One, Two, Three is one of the funniest movies ever and this scene is just hilarious. The way that conductor just catches that flaming shish-kabob without skipping a beat. YAAAH!
I've also wondered if the Saber Dance was actually intentional-its composer, the Armenian Aram Katchaturian, lived in Berlin in the 1920s and early 1930s, and was a Conservatory professor there, at the time...
But, probably, the "Grand Hotel Potemkin", was also probably a caricature of the "New Hotel Adlon"-a sad try of the DDR at trying to capitalize on the prewar Adlon, in its location-actually, a rump, semiruined remainder of the grand old hotel, only partially rebuilt, and shabbily maintained and staffed, very similar to this pathetic "Grand Hotel Potemkin"...
@Antonio Perez Thanks for these details worth knowing. I'ld like to add this here: The entire so-called German Democratic Republik was a caricature of a sovereign country, but those 16 million Germans inside its border could not laugh about it. And the entire country was a kind of big Potemkin village. As to its alleged sovereignty cf @1:55 "we cannot interfere withe the internal affairs of the sovereign republic of East Germany").
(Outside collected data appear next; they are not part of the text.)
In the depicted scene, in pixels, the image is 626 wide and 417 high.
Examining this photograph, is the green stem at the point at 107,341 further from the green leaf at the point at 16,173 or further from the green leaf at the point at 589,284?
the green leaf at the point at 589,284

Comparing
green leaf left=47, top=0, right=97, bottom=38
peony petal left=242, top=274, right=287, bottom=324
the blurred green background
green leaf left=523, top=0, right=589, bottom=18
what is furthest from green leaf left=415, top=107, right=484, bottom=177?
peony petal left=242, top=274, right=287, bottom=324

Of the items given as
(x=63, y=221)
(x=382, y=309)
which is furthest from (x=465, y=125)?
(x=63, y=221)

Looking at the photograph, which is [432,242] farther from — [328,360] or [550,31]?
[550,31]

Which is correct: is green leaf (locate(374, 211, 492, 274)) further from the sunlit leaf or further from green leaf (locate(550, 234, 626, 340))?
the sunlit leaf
Script writer Billy Wilder did not use their official political name GDR but simply the geographical description East Germany.
Also, the outer facade of "Grand Hotel Potemkin" was actually the remains of Anhalter Bahnhof-one of Berlin's main train stations before the War, and the main exit point for Jews being deported to Poland in the early War years...opposite this station, there was a real-life "Grand Hotel"-the Hotel Excelsior-Berlin's biggest Hotel...
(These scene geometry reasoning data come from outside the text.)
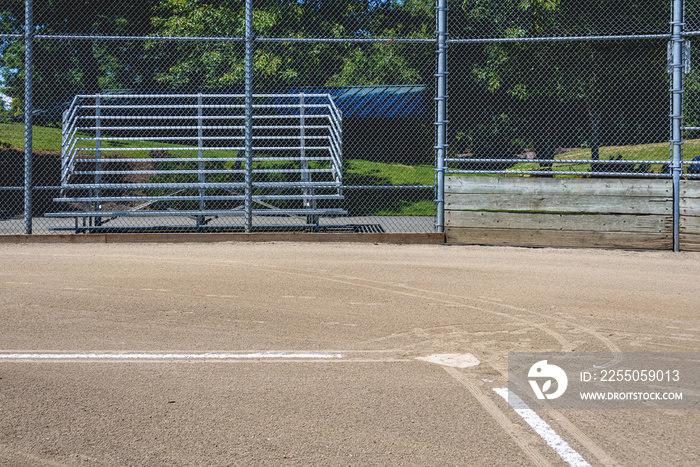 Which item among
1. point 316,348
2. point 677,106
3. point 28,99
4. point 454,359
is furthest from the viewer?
point 28,99

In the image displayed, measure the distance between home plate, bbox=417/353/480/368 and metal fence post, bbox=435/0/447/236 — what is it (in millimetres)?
6256

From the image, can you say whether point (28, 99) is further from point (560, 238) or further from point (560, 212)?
point (560, 238)

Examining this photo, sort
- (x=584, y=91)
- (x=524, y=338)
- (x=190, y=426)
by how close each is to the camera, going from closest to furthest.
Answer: (x=190, y=426) < (x=524, y=338) < (x=584, y=91)

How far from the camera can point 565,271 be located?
859 centimetres

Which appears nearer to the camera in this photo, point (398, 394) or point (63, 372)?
point (398, 394)

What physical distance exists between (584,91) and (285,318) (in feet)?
43.7

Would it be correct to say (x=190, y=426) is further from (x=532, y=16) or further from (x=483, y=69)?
(x=532, y=16)

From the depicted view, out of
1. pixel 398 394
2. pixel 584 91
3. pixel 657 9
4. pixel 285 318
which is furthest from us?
pixel 584 91

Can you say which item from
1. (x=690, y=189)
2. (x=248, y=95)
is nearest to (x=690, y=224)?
(x=690, y=189)

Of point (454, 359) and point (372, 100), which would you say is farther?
point (372, 100)

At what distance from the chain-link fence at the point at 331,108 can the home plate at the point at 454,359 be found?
6.30 metres

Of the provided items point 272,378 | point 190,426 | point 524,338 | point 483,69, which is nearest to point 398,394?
point 272,378

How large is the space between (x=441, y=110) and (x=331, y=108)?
3.72 meters

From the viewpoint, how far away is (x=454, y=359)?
16.0 ft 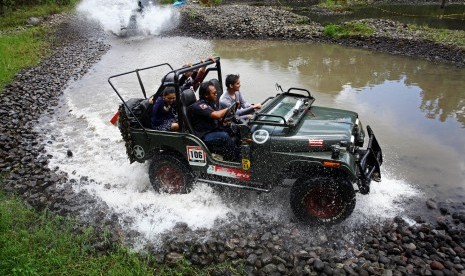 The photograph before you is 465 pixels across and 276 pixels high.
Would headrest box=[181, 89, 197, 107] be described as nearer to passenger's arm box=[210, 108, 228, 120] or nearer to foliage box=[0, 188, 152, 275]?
passenger's arm box=[210, 108, 228, 120]

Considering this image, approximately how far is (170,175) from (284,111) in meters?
2.27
Evidently, this is a Pun that Billy Wilder made-he always said that the greatest movie ever made was "Battleship Potemkin", and a close second was "Grand Hotel", which was naturally set in early 1930s Berlin...
The Great Frederick Hollander, composer of the Blue Angel theme, and of Die Ruine von Berlin...you have got to be a truly great musician, to portray a truly bad one!!!